• DATASET CONTENT:
=== Section Start ===

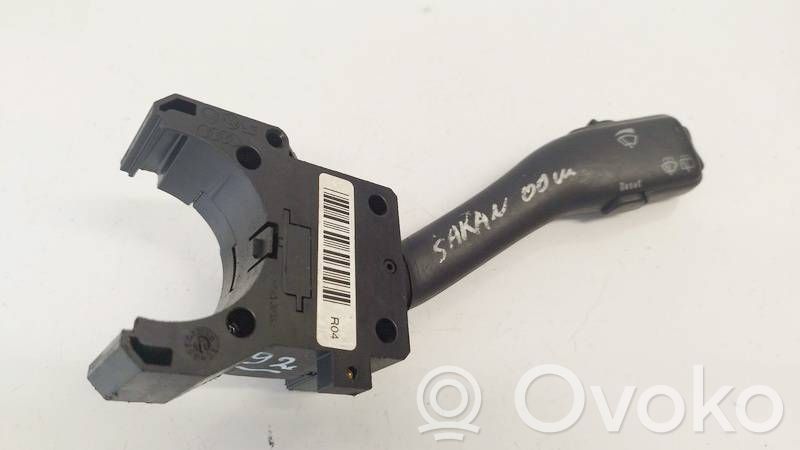 Volkswagen PASSAT B5.5 Commodo, commande essuie-glace/phare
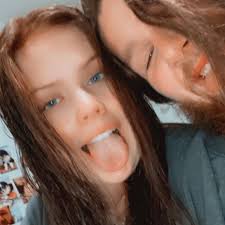 I just got my cirkul! I was so excited to try it! I got the 22oz bottle and  the first one I tried was the black cherry. I only got 3 bottle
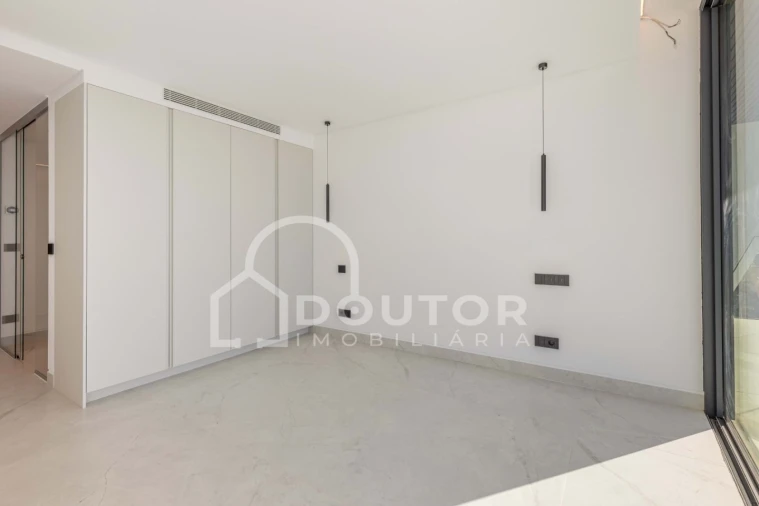 Moradia T4 para Venda em Funchal (Santa Maria Maior) Foto 48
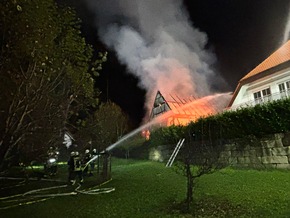 KFV Bodenseekreis: Großbrand in Neufrach - Feuerwehr verhindert Übergreifen auf Wohnhaus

=== Section End ===

• REQUIRED ACTION:
Without the pictures, give every line above again exactly.

• RESULT OF THE EXERCISE:
 Volkswagen PASSAT B5.5 Commodo, commande essuie-glace/phare
 I just got my cirkul! I was so excited to try it! I got the 22oz bottle and  the first one I tried was the black cherry. I only got 3 bottle
 Moradia T4 para Venda em Funchal (Santa Maria Maior) Foto 48
 KFV Bodenseekreis: Großbrand in Neufrach - Feuerwehr verhindert Übergreifen auf Wohnhaus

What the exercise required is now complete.